Use the binomial series,
\[
(1+x)^{r}=\sum_{n=0}^{\infty}\left(\begin{array}{l}
r \\
n
\end{array}\right) x^{n}
\]
to find a $4^{\text {th }}$ order Maclaurin polynomial in order to estimate $\left(\frac{2}{3}\right)^{-\frac{1}{3}}$. Round the answer to three decimal places.
Final Answer: The 4th order Maclaurin polynomial for the function \((\frac{2}{3})^{-\frac{1}{3}}\) is approximately \(\boxed{1.144}\).
Step 1 :We are asked to find the 4th order Maclaurin polynomial for the function \((\frac{2}{3})^{-\frac{1}{3}}\).
Step 2 :We can rewrite this function as \((1 - \frac{1}{3})^{-\frac{1}{3}}\).

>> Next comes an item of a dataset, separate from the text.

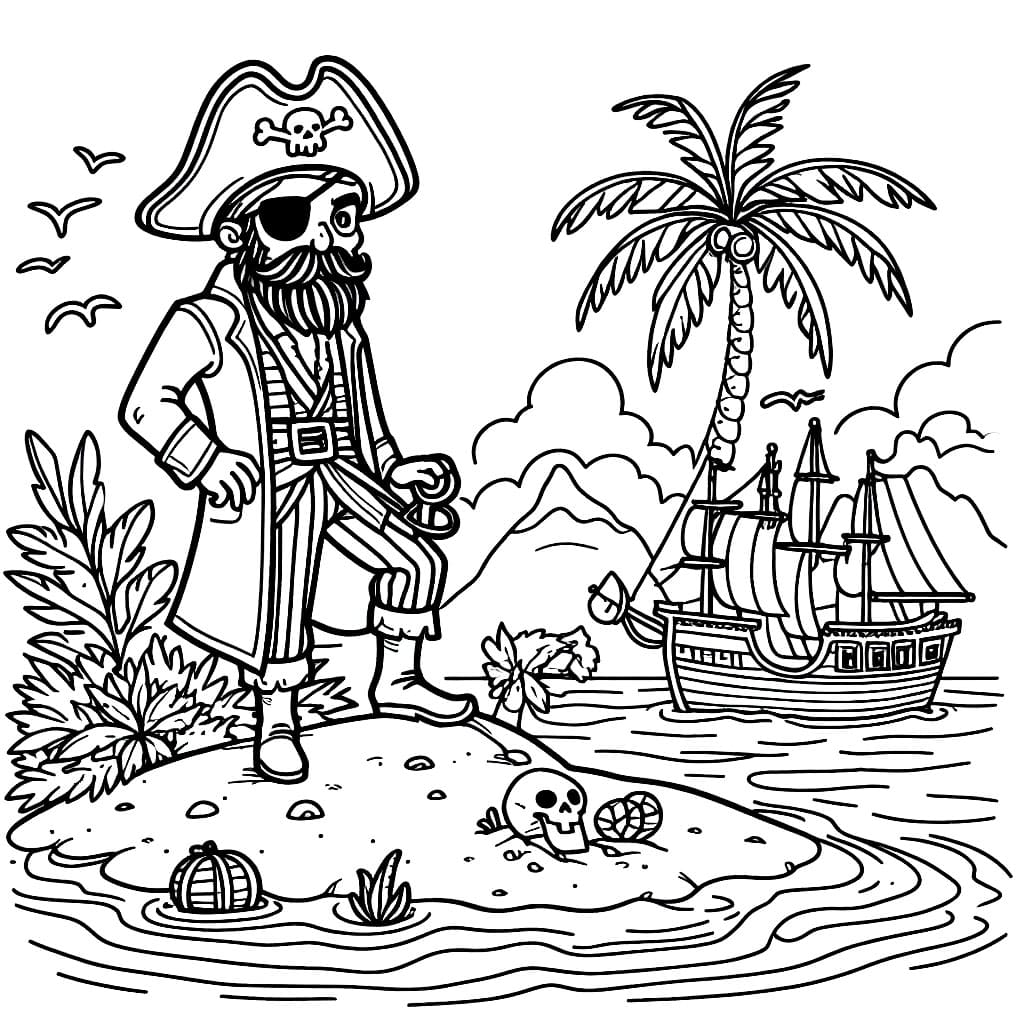 Desenho de Pirata Na Ilha para colorir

This is in the form of \((1+x)^r\) where \(x = -\frac{1}{3}\) and \(r = -\frac{1}{3}\).
Step 3 :The 4th order Maclaurin polynomial is given by the sum of the first 5 terms of the binomial series. We can calculate these terms using the binomial coefficient formula, \(\left(\begin{array}{l} r \\ n \end{array}\right) = \frac{r(r-1)(r-2)...(r-n+1)}{n!}\), and the power of x, \(x^n\).
Step 4 :Substituting the values of x and r into the binomial series, we get a polynomial value of approximately 1.1439821165472746.
Step 5 :Final Answer: The 4th order Maclaurin polynomial for the function \((\frac{2}{3})^{-\frac{1}{3}}\) is approximately \(\boxed{1.144}\).